A couple of months ago I asked why none of the Mark Zuckerbergs of the world lived in Turkey [1], but I have lately realized that Turkey does have a class of young [2] dollar-billionaire entrepreneurs. So I would like to say a couple of things about Ali Ağaoğlu’s entrepreneurship. The contractor and self proclaimed “architect of life" recently has become a social phenomenon through his advertisement campaigns. I think his story gives us a better understanding of Turkey.

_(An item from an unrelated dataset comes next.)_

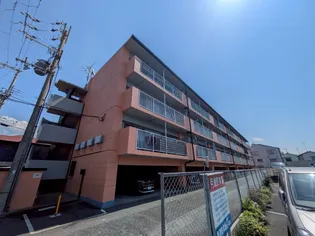 カノアの画像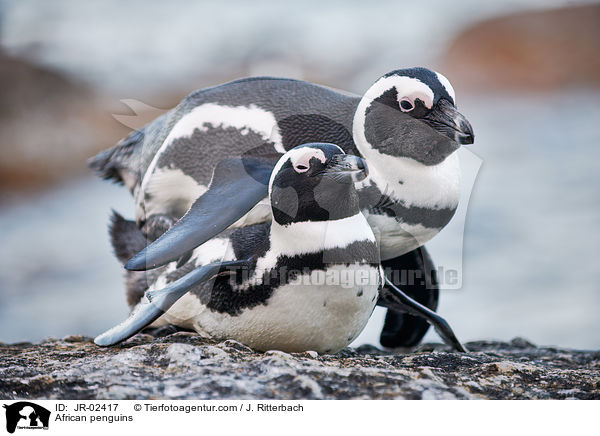 African penguins / JR-02417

I have nothing to say about Ali Ağaoğlu’s capacity as a contractor. He really does build high-quality houses. So far, his company has finished 30,000 housing units and 10,000 more are currently under construction. This means that almost 150,000 people are happily living in the houses Ağaoğlu has built, making him the urban landlord of the twenty-first century. Offering people a secure and high-class housing, he encourages them to take out loans and spend 10 to 20 years working on his account. The earthquake risk across Istanbul, the lack of green areas for children to play in and the general concerns of security reinforce his power as a modern landlord.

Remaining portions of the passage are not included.